5 - Conforme se entendeu no acórdão do STJ exarado no processo 1850/05, da 5ª Secção, de 19 de Maio, em caso similar ao dos autos, mas em que as queixas, de menos peso - de natureza civil - eram do Sr Juiz, deve ser recusado todo o juiz de quem se possa temer uma falta de imparcialidade, para preservar a confiança que, numa sociedade democrática, os tribunais devem oferecer aos cidadãos.
6 - No caso em apreço, a intervenção do Sr Dr Juiz num processo por causa do qual foi objecto, por razões claras e objectivas de participação crime e disciplinar, que qualquer cidadão médio, nas mesmas circunstâncias teria efectuado, obviamente, do ponto de vista da comunidade, gera uma forte verosimilhança de poder estar fundadamente prejudicado o distanciamento que está necessariamente presente na imparcialidade.

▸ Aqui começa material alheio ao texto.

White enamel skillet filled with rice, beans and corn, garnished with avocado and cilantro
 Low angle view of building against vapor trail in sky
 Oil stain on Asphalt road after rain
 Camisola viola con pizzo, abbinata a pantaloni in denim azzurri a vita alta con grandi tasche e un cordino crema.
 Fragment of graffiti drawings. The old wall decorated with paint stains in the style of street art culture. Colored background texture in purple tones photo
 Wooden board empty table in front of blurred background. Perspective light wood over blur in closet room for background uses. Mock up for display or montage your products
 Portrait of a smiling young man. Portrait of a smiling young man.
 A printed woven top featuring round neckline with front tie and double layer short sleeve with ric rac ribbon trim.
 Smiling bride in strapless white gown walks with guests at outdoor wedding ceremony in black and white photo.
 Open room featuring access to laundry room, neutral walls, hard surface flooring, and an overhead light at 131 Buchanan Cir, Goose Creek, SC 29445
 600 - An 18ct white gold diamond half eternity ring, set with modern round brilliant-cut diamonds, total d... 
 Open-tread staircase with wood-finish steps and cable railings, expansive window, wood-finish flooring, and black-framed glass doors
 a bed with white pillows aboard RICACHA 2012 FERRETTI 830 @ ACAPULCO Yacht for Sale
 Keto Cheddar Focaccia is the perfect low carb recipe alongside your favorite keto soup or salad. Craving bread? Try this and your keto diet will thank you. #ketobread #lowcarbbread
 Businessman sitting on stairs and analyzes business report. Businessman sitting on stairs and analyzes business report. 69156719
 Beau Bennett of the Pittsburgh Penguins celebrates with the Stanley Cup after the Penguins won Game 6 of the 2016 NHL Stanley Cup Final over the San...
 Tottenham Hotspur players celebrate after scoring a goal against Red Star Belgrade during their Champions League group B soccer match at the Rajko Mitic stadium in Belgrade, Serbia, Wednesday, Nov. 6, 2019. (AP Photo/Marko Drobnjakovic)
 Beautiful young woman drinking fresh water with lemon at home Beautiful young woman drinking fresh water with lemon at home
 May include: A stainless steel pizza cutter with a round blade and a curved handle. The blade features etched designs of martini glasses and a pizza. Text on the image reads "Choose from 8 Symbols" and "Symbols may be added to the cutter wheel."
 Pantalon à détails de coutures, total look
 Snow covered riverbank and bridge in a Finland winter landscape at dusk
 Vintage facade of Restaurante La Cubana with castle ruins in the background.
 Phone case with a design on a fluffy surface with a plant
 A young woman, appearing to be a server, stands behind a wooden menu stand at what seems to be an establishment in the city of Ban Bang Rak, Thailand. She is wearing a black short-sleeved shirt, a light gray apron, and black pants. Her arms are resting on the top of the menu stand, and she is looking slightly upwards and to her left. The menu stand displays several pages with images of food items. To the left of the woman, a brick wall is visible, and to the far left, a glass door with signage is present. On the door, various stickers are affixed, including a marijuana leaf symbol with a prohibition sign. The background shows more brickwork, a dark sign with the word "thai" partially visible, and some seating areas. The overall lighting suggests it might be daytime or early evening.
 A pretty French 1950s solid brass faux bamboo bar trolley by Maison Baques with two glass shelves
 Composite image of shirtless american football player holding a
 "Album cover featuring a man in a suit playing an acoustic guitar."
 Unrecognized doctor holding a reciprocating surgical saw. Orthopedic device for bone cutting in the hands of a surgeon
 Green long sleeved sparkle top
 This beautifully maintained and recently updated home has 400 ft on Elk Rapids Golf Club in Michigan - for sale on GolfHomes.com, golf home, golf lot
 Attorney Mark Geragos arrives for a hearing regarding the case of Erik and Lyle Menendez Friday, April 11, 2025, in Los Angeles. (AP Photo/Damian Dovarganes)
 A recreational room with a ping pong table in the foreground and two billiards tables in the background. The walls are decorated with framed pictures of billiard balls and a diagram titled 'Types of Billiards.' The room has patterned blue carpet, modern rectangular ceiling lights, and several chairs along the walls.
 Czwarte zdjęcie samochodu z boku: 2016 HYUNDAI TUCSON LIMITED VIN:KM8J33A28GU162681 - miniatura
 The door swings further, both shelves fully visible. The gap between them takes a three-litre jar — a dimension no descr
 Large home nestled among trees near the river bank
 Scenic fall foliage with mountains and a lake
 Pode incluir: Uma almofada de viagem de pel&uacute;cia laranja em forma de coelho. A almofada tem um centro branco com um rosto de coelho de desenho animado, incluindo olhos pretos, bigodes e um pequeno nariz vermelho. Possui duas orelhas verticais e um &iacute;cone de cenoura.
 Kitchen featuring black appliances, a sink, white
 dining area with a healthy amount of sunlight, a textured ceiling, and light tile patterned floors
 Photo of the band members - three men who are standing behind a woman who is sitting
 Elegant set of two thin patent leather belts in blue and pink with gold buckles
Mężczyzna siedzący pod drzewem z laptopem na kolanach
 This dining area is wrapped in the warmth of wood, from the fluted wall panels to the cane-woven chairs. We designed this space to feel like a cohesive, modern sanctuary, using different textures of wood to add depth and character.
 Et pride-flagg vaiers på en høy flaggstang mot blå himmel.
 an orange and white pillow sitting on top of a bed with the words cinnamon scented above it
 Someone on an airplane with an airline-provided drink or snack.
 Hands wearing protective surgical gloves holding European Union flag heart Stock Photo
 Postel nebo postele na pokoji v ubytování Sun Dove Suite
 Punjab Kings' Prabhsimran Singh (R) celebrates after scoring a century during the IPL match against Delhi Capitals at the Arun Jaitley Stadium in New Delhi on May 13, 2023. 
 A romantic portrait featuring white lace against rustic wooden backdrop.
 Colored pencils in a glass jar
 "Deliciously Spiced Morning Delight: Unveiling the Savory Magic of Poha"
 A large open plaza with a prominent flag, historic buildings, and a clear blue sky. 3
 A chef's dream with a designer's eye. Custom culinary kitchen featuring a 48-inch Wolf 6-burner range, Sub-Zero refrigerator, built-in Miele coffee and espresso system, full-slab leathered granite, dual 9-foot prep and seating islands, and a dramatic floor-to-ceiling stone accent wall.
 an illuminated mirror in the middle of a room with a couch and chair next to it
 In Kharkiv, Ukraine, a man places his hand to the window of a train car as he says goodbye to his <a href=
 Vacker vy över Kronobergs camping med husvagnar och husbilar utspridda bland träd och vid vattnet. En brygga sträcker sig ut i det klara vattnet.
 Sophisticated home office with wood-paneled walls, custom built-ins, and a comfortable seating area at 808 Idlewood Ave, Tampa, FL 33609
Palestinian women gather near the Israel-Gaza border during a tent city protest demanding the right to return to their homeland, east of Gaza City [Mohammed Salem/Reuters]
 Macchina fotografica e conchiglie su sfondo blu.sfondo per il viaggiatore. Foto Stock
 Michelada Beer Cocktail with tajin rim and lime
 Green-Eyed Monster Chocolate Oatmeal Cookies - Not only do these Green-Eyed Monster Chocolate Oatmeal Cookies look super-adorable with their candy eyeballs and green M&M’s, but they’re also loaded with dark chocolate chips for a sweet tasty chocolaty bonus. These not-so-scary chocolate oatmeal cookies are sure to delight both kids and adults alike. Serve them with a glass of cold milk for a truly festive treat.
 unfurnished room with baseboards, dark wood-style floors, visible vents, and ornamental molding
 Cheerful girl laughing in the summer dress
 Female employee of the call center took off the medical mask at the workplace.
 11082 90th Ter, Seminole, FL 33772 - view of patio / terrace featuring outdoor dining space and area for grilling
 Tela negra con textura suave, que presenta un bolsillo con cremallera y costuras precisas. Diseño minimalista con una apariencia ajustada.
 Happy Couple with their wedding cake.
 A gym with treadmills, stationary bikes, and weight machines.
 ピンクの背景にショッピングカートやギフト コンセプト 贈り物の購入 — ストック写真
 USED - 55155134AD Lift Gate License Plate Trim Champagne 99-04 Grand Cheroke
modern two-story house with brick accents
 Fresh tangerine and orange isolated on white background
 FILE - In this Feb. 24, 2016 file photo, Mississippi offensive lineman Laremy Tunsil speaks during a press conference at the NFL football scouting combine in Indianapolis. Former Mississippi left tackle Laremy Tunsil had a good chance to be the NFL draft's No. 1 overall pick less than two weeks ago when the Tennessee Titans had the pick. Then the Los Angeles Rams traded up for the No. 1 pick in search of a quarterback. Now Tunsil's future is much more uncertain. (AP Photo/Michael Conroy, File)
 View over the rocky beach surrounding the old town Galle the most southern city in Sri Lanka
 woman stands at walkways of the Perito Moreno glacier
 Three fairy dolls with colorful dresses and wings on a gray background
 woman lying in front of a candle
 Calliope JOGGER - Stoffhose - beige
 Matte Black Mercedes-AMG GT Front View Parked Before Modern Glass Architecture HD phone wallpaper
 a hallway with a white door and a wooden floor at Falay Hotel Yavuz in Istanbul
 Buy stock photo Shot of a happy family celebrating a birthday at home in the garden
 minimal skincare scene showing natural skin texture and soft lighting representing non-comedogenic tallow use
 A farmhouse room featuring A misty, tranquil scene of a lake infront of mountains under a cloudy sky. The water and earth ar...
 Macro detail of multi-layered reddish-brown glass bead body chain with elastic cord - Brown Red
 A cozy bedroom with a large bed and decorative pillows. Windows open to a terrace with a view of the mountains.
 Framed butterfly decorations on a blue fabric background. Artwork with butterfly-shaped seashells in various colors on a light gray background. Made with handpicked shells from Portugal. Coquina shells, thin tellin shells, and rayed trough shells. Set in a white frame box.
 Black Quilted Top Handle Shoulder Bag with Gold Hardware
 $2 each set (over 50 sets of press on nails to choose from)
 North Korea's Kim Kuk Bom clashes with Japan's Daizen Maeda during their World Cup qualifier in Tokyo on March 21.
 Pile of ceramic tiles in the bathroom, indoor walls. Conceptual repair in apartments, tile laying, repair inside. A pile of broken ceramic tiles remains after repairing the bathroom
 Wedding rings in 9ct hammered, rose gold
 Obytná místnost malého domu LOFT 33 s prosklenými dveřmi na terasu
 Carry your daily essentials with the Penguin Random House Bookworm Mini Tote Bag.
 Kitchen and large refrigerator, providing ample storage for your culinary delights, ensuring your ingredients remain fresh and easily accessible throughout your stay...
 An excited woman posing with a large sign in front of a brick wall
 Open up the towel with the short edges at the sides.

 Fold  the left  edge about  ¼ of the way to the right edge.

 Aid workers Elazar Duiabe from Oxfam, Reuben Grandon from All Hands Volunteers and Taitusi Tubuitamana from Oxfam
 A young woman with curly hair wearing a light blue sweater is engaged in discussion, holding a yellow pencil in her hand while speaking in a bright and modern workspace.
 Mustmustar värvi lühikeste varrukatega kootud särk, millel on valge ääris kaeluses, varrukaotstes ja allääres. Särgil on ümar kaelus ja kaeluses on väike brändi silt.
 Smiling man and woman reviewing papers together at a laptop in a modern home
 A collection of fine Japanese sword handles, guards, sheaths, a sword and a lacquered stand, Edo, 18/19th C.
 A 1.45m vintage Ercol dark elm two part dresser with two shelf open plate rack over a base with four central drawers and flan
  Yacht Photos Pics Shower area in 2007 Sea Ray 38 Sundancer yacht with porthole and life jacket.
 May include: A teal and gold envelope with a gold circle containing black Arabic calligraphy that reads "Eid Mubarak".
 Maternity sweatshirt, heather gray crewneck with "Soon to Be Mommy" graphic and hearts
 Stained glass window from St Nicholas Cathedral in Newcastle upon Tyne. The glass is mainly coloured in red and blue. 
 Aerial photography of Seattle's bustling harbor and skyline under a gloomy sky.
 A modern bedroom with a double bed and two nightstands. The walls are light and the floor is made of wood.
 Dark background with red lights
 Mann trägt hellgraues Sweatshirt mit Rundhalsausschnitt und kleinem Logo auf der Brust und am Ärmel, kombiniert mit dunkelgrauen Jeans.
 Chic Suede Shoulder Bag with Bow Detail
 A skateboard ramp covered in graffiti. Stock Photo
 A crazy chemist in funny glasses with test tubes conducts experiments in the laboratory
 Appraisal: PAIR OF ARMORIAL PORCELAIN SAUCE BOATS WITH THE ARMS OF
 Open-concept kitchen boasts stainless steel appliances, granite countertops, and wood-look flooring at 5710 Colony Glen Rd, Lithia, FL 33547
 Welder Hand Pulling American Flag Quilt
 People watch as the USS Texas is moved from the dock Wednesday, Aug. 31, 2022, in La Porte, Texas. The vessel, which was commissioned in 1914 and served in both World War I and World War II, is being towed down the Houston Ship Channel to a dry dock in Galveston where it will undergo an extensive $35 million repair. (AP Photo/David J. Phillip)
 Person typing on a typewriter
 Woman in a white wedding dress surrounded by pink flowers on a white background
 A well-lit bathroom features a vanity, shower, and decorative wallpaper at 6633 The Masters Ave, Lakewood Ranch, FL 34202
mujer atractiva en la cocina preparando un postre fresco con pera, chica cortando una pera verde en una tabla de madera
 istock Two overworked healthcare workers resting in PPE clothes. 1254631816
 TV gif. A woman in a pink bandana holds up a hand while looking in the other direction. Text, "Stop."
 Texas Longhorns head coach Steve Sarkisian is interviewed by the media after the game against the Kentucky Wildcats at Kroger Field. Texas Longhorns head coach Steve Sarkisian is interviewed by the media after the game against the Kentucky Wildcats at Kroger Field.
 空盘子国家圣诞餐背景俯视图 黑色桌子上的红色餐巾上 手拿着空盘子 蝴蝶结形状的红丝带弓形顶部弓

7 - A decisão recorrida ao ter entendido de outra forma, violou o artigo 43°, n° 1 do CPP, pelo que deve ser revogada." E 'requereu se solicitassem ao processo 4681/05 (instrução) da 3ª secção da Relação de Lisboa cópia certificada do depoimento prestado pelo Sr Dr Juiz recusando, como arguido, do despacho final do inquérito e do requerimento de abertura da instrução, que não é possível juntar por, por enquanto, tais peças processuais estarem sujeitas a segredo de justiça.' 1.2 Na sequência de deferimento de reclamação (fls. 155 e 156), foi o recurso admitido com subida imediata, nos próprios autos, com efeito suspensivo . (fls. 158) 1.3 Respondeu o Ministério Público, concluindo o seguinte : - 'O presente recurso afigura-se-nos inteiramente infundado e inviável .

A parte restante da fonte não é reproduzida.